The Internet is buzzing with information about the SolarWinds hack. Let’s break down the basics.
What is SolarWinds?
SolarWinds is a company that makes network management software. The software helps IT managers keep networks up-to-date by installing important security updates.
How did the breach happen?
Hackers got into the company’s server and installed malware. That malware put malicious code into security updates. That code allowed hackers to access the company servers. When people installed updates to make their networks safer, they were actually allowing access to hackers.
Who was affected?
Multiple government agencies and Fortune 500 companies. The Department of Homeland Security, Treasury Department, and Commerce Department are among the agencies affected by the breach. The Department of Homeland Security issued an emergency directive for government agencies to stop using the products affected by the breach. Belkin, Cisco, Intel and other top companies were also hit.
How did the hackers get in?
Last year, a security researcher told the company you could access their secure server with the password SolarWinds 123.

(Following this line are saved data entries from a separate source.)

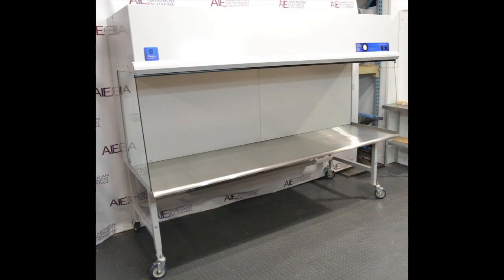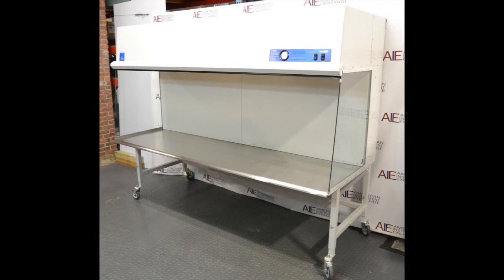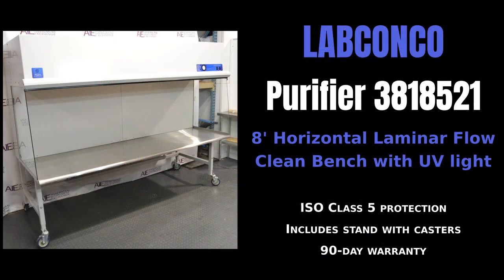Our facilities include a fully equipped shop with highly trained technicians who thoroughly test each instrument before it reaches your laboratory. Our surplus lab equipment is reconditioned for many types of laboratories,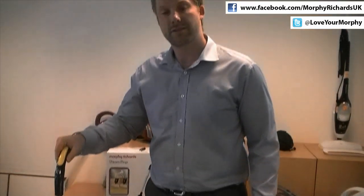If you'd like to learn more about this product or others, please visit www.morphyrichards.co.uk or visit us on Facebook and Twitter. Thank you for listening.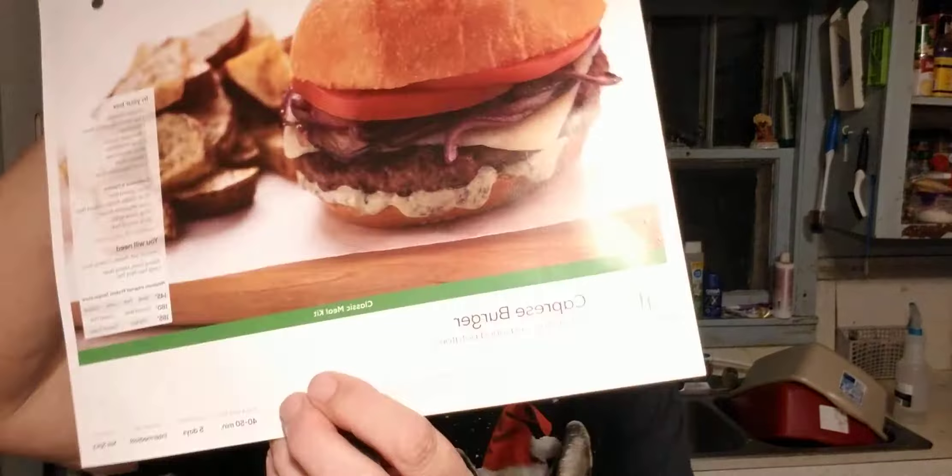Hello and welcome back to Roslyn's Kitchen. Tonight's meal is actually one I've made before and it got high reviews. There are going to be a little bit of differences because I'm adjusting for Daddy's tastes. But this is the Caprese Burger.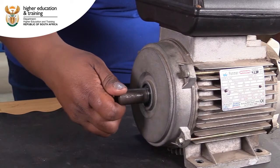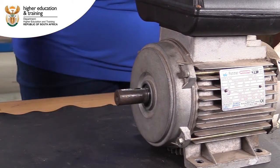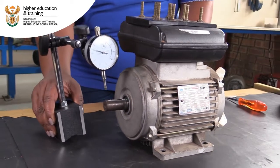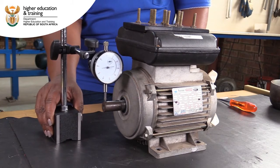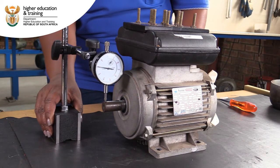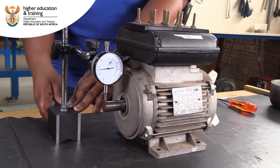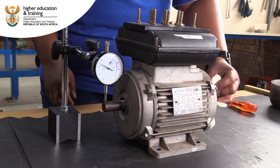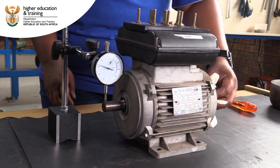Lastly, we need to check that the shaft is straight. To do this, we use a gauge dial indicator. This instrument helps us check that the shaft runs true. Place the instrument foot onto the shaft and then slowly turn the shaft through 360 degrees. Make sure that there is no deviation more than about 5%.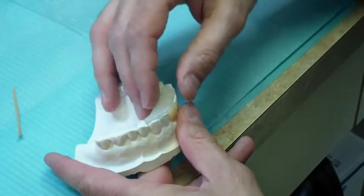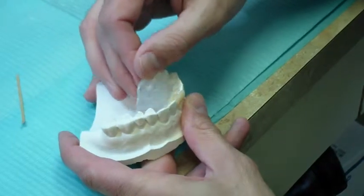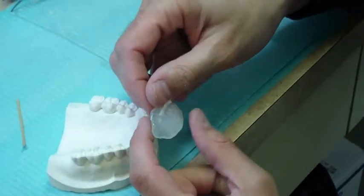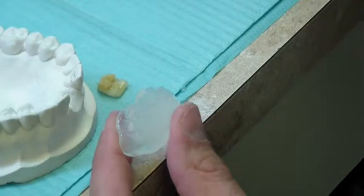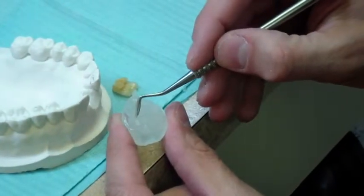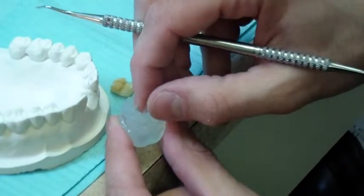Once the silicone is cured or set, remove the matrix from the model. Remove the spacer wax and set it aside in one piece. It will be used to measure the precise length of fiber ultimately used in the case.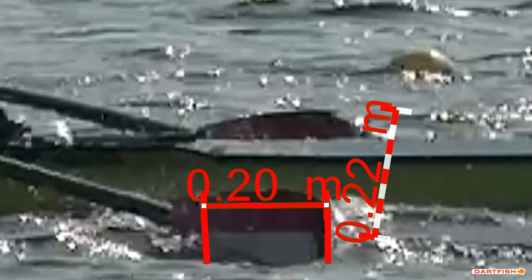Here we see the blade slip is 20 centimeters — 0.20 meters — in the negative direction. If you are using software without a measuring tool, estimate the distance between the two lines by comparing it with the blade width.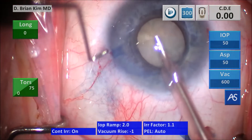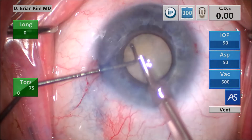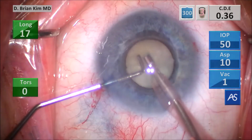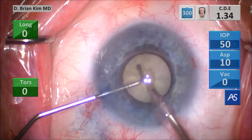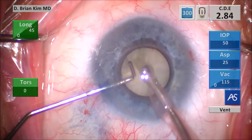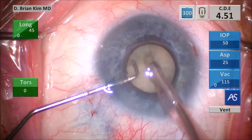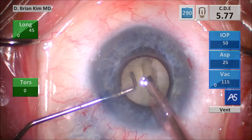Lifting the incision with the chopper, going in with irrigation off to minimize Descemet's trauma, removing the surface epinuclear material, turning the bevel up, then I switch to dense mode and start sculpting a central trough. You can see there's some density to this lens. When dealing with a dense lens like this, there's a chance you'll get a posterior plate phenomenon. Rather than struggle with that, I'm going to perform a terminal chop technique, which will overcome any potential for a posterior plate phenomenon and allow me to easily disassemble this lens into two hemi-nuclei.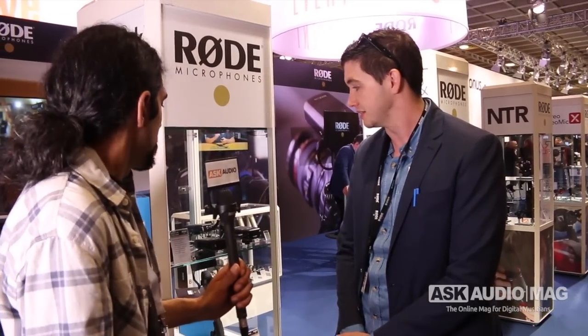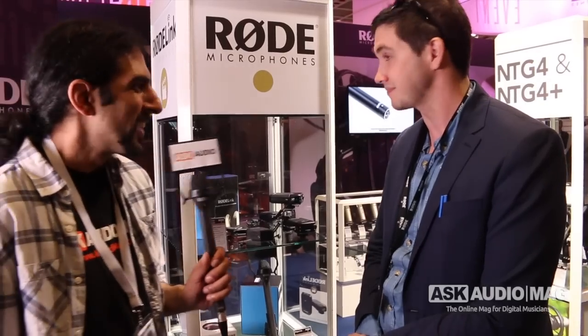Very, very cool. So what's the retail price for this, and when can we expect to get our hands on it? We've just begun shipping from our factory in Australia. You should be able to see them in stores within the next three to four weeks. And the price is $399 US retail. That's a very decent price. Thank you very much. Thanks for coming by.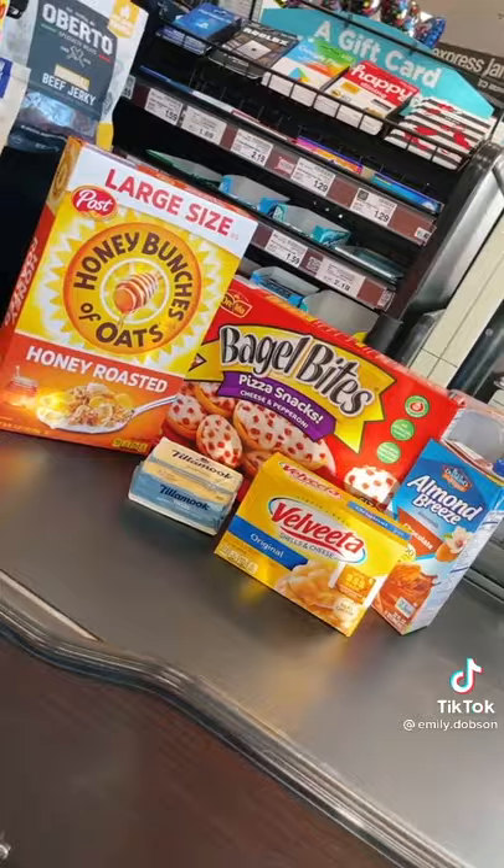Look how cool they look! Alright, let's go to the store. I found all of the items. Let's do this!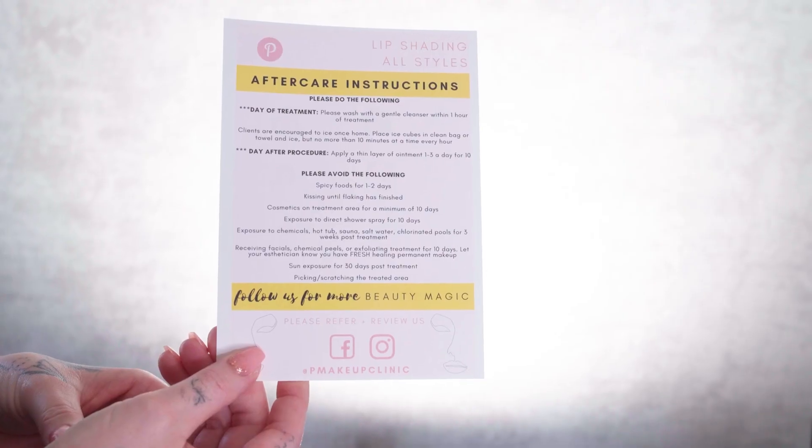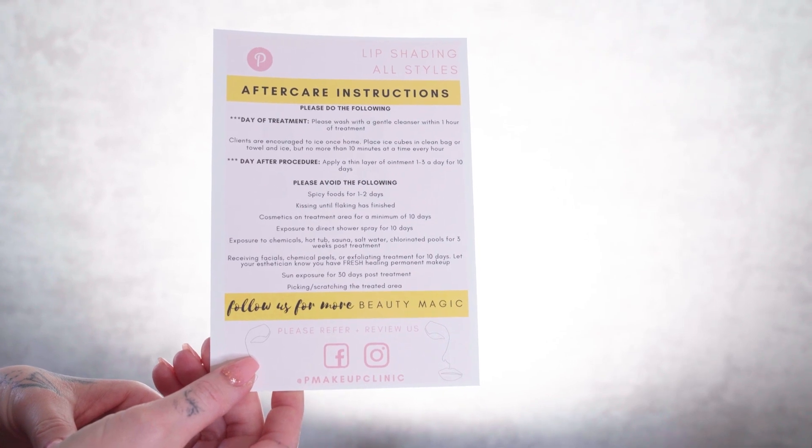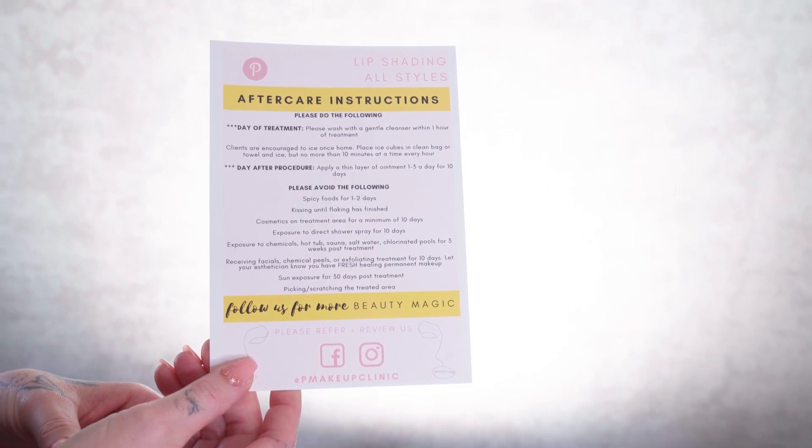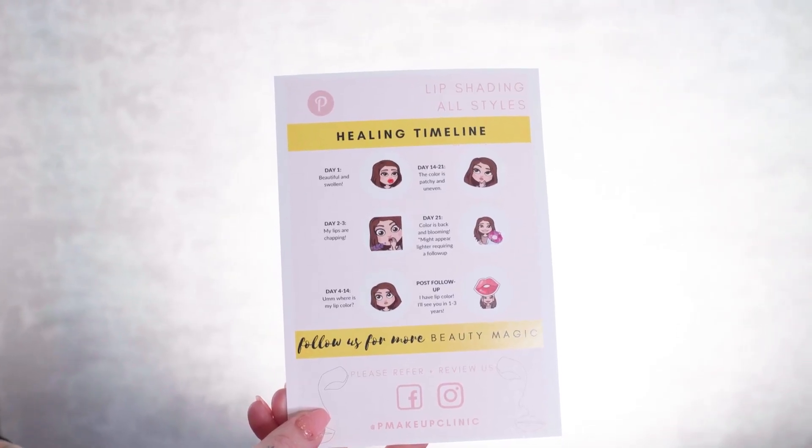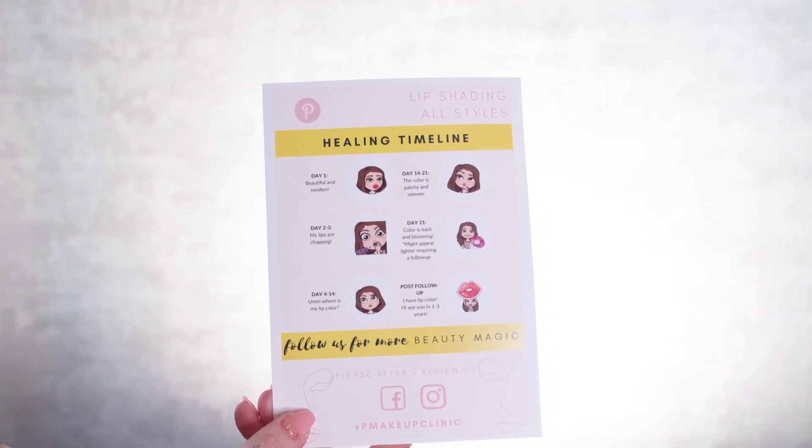After the procedure, I will be giving her this aftercare sheet. It gives her the healing time, and as far as after today — after the procedure — what you'll be doing: cleansing an hour afterwards. And then it goes over the next almost two weeks about what to expect in the healing process. I'm ready to get started.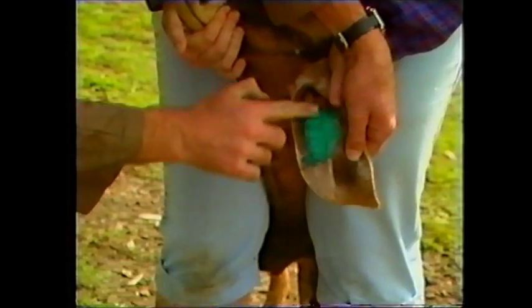Once this is done, it is then critical that the ink is rubbed into the small holes.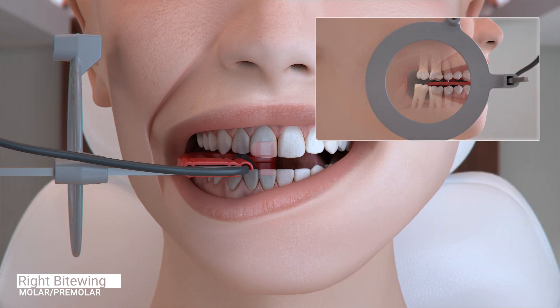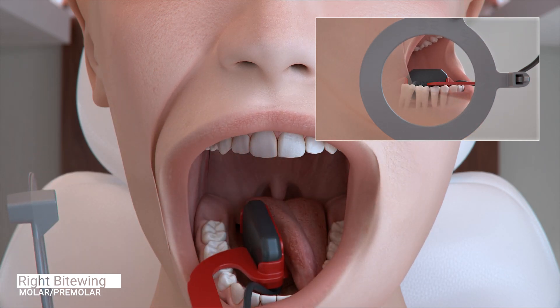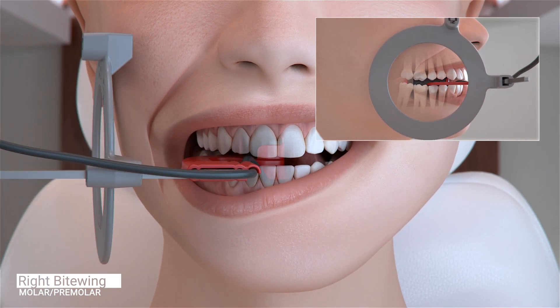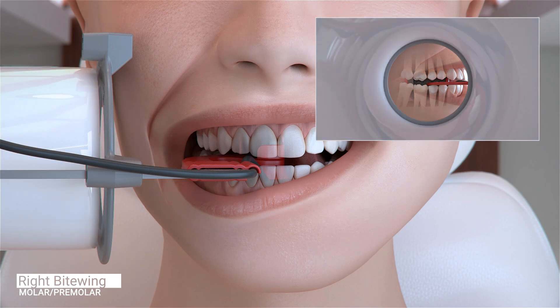Ask the patient to open slightly, slide the sensor forward and center the first and second premolar on the sensor. Move the sensor toward the midline and slightly forward again to capture the distal of the canine and ask the patient to close. Slide the aiming ring close to the patient's face, position the x-ray emitter cone flush with the aiming ring and trigger the exposure.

What we don’t know yet is if the company actually set a ridiculously simple password for its server or if hackers added that password to make it easy for them to get in.
Whose behind the attack?
In a statement, SolarWinds said, “We have been advised that this incident was likely the result of a highly sophisticated, targeted, and manual supply chain attack by an outside nation-state, but we have not independently verified the identity of the attacker. Security and trust in our software is the foundation of our commitment to our customers. We strive to implement and maintain appropriate administrative, physical, and technical safeguards, security processes, procedures, and standards designed to protect our customers.”
Most experts are pointing the finger at Russia as the place where the attack originated.